Osian is situated 21 km north of Tinwari. Osian is a major business center for the city. Bikaner is located at a distance of 191 km from Tinwari, 135 km from Nagaur, and 94 km from Phalodi on its main travel route. National Highway NH754K(Amritsar–Jamnagar Expressway) is connected with this town.

== History ==
The local history of Tinwari begins from the time of the Gurjara-Pratihara rulers. About two thousand years ago, Osian was known as Upkesh Pattan (Umeshpur Patan) city, which was a metropolis and had eight suburbs around it. Being a group of nine cities, it was also called Navteri Nagari. Among the eight suburbs, Tinwari was the main trading town. Due to the rule of Tanwar Rajputs on this city, it later came to be known as Tanwari and Tinwari. Later, this Jagir went into the hands of Sevad Rajpurohits during the Rathore rulers. In V.S. 1272 (1215 A.D.), along with Rao Siha, his Rajguru Sevad Rajpurohit Devpaldev came to Marwar from Kanoj and was given the Jagir of Tinwari.
Dalpat Singh Manohardasot of Tinwari laid down his life in 1657 fighting with the enemies on the banks of Shipra River along with Maharaja Jaswant Singh. His son Akheraj lived in the forests with Maharaja Ajit Singh for 22 years and bravely fought off the attacks of the enemies.
Thakur Gumansingh Rajpurohit of Tinwari sacrificed his life for the defense of the motherland in 1815 by killing the Pathan commander while repulsing the attack of Mir Khan Pathan on Mehrangarh Fort.
During the princely period, Jagirdars of this town made entrance gates on all the routes of entry into the town and put doors in them. Got reservoirs and wells constructed in all four parts of the city.

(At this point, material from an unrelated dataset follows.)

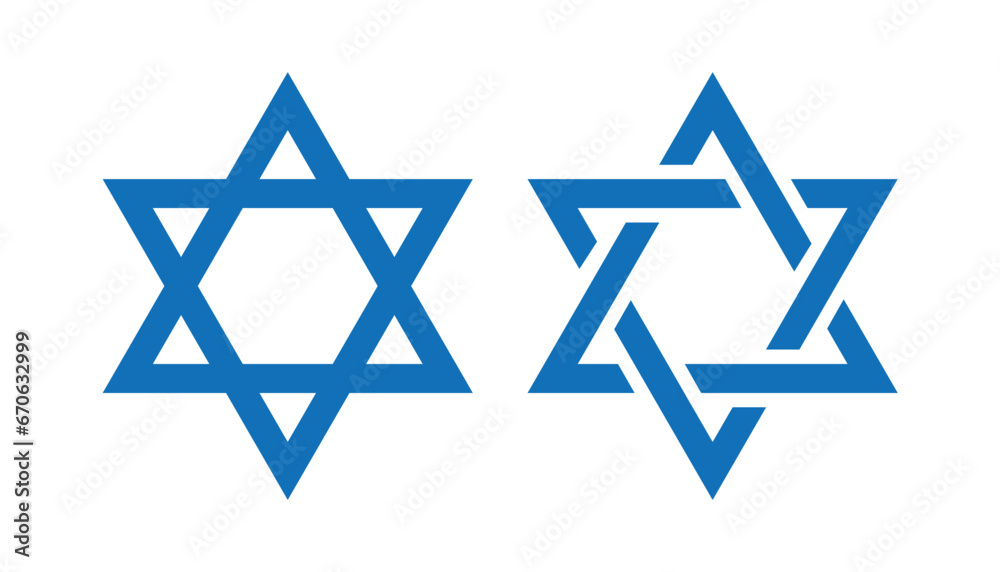 Star of David. Jewish star Israeli religious symbol. Shield of David Judaism sign. Vector illustration Star of David. Jewish star Israeli religious symbol. Shield of David Judaism sign. Vector illustration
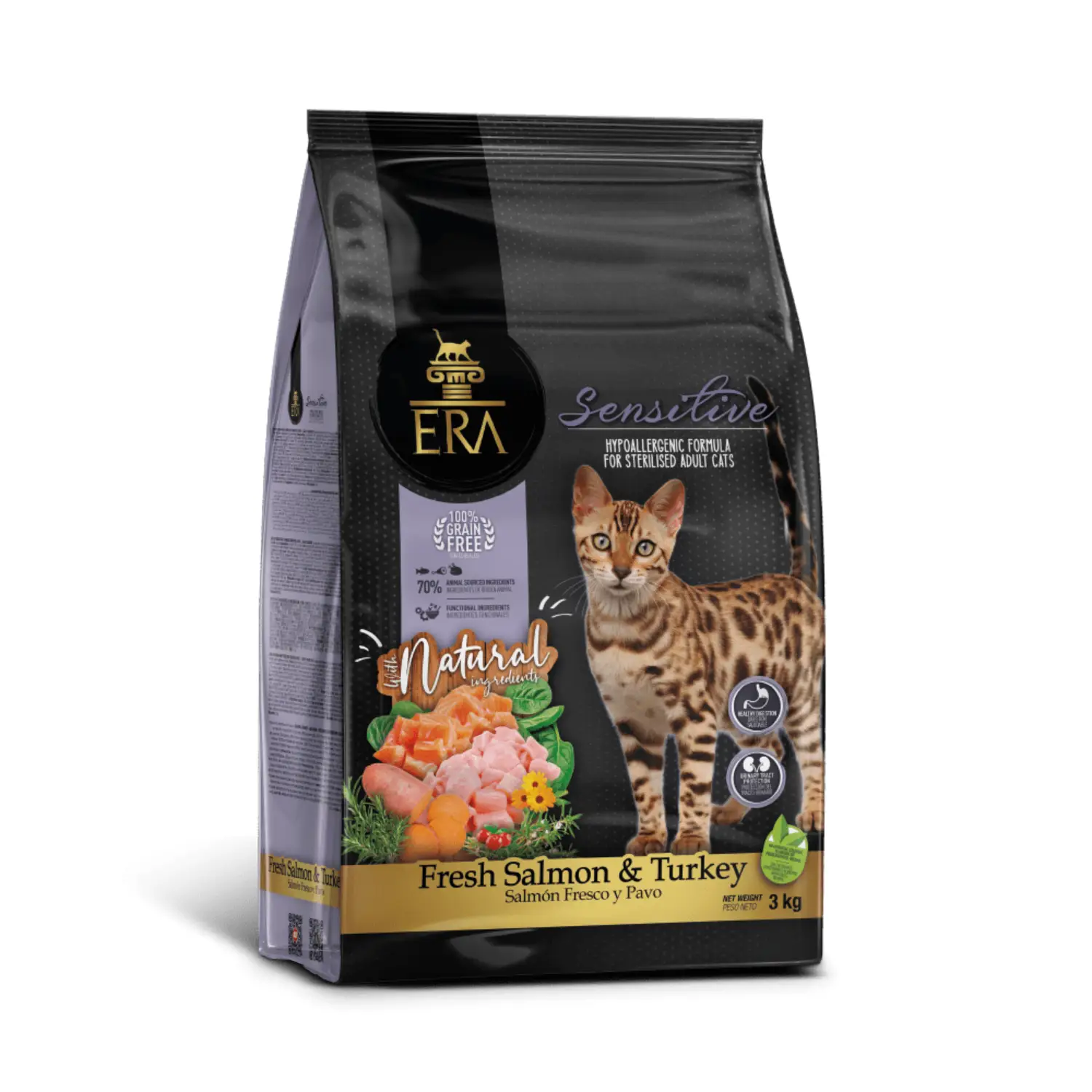 ERA Cat Grain Free STERILIZED SENSITIVE ADULT Fresh Salmón y Turkey Pienso para Gatos - Image 2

== Early Administration ==
Before independence, administration was in the hands of Akherajots, the feudal lords of Tinwari. They built many temples, fortified walls, cenotaphs, baolis, etc.

After independence, the development of this historical city started again.
In 1949, due to the tireless efforts of social worker Ratanlal Joshi, rail lines were laid here and trains started running. After this development gained momentum during the tenure of young Sarpanch Premchand Khatri and later Sarpanches recognized Tinwari as a developed town.
At the time of the first woman sarpanch of the village, Mrs. Kaushalya Devi Sankhla, the main road was extended from Mathania Square to Osian Square and given a grand and attractive look. Beautification was done with road lights by making dividers in the middle of the road. During the time of Padmaram Meghwal, commendable work was done in the interest of the village by removing illegal encroachments in the village.

== Religious and tourist attractions ==
A Jain temple located in the center of the city, which was built around 165 AD, was excavated. An idol of Vasupujya is installed in this temple. There is also another Jain temple outside the city; The ancient sculptures installed here and the skillful workmanship done on the stones are the heritage of archaeology. Dada Bhagwan Sanskar Kendra, a grand religious and tourist center located on Balasar Road, outside the town, holds a special place in the whole of Rajasthan due to its specialties. This center is spread over an area of about 200 bighas. Geeta Dham, an international center of spirituality, was established in 1992 by Swami Harihar Maharaj. This land was donated by Bhamashah Seth Chunnilal Baheti of Tinwari for the temple. Devotees keep coming and going throughout the year in the grand Krishna Sarovar Temple, Mahadev Temple, and Hanuman Temple built here. Devotees from not only the country but also from abroad come here for the Phag festival and spiritual ceremony organized on the occasion of Holi in the month of Phalgun.